Analytics for an Online Retailer: Demand forecasting and Price Optimization at Rue La La
We partnered with the online flash sales retailer Rue La La to develop and implement a pricing decision support tool that sets initial prices for new products. Rue La La is in the online fashion sample sales industry, where they offer extremely limited-time discounts (typically 2-3 days) on designer apparel and accessories. Our approach is two-fold and begins with developing a demand prediction model for new products. The two biggest challenges faced when building our demand prediction model include estimating lost sales due to stockouts, and predicting demand for styles that have no historical sales data. We use descriptive analytics (clustering) and predictive analytics (regression) to address these challenges and predict future demand. Regression trees - an intuitive, yet non-parametric regression model - prove to be effective predictors of demand.
We then formulate a price optimization model to maximize revenue of new products using demand predictions from the regression trees as inputs. In this case, the biggest challenge we face is that each style’s demand depends on the price of competing styles, which restricts us from solving a price optimization problem individually for each style and leads to an exponential number of variables in the price optimization problem. Furthermore, the non-parametric structure of regression trees makes this problem particularly difficult to solve. We employ prescriptive analytics by developing a novel reformulation of the price optimization problem and creating an efficient algorithm that allows Rue La La to optimize prices on a daily basis for the next day’s sales.
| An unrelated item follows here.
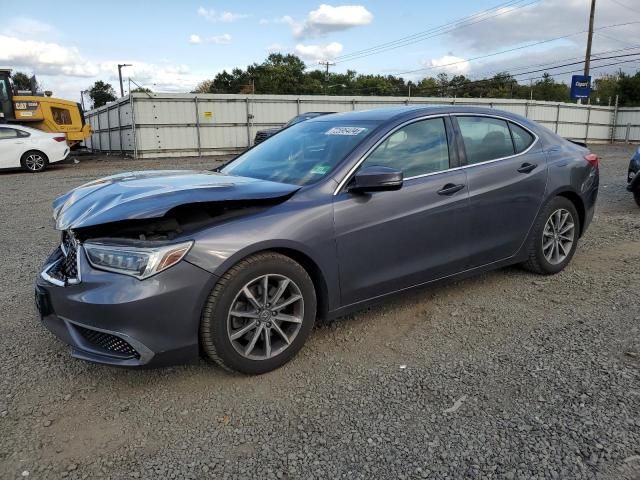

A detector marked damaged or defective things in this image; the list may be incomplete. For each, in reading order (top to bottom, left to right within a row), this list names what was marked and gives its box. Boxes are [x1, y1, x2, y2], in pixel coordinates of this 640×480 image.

To implement our price optimization algorithm, we developed a fully-automated pricing decision support tool that runs automatically every day, providing price increase recommendations to merchants for events starting the next day. To estimate the tool’s impact, we conducted a field experiment on approximately 6,000 styles from mid-January through May 2014 to address the following two questions: (i) would implementing the tool’s recommended price increases cause a decrease in sales, and (ii) what impact would the price increases have on revenue?
For our field experiment, we used the Wilcoxon rank sum test to test the null hypothesis that raising prices according to the pricing decision support tool's recommendations has no negative impact on sales. We performed this test on styles in different price ranges, and the results suggest that raising prices only negatively impacts sales for very low-priced styles; for other price points, our results suggest that raising prices according to the tool’s recommendations does not decrease sales. Furthermore, we estimate an increase in revenue due to accepting our tool’s recommended price increases to be approximately 10% with a 90% confidence interval of [3%, 18%].
Since the conclusion of our field experiment, we have been extending our research to a dynamic pricing setting where Rue La La changes the price of a style over the course of their short selling season. As common in retailing, Rue La La has limited inventory and does not know the consumer's purchase probability at a given price and thus must learn this probability from sales data. We propose an efficient and effective dynamic pricing algorithm, which builds upon the well-known Thompson sampling algorithm used for multi-armed bandit problems by creatively incorporating inventory constraints into the model and algorithm. Our algorithm proves to have both strong theoretical performance guarantees as well as promising numerical performance results when compared to other algorithms developed for the same setting.
Our collaboration with Rue La La shows that combining machine learning (descriptive and predictive analytics) and optimization (prescriptive analytics) into a pricing decision support tool has made a positive financial impact on Rue La La's business. We hope that the success of this work motivates retailers to investigate similar techniques to help set initial prices of new products, and, more broadly, that researchers and practitioners will use a combination of analytics techniques to harness their data and use it to improve business processes.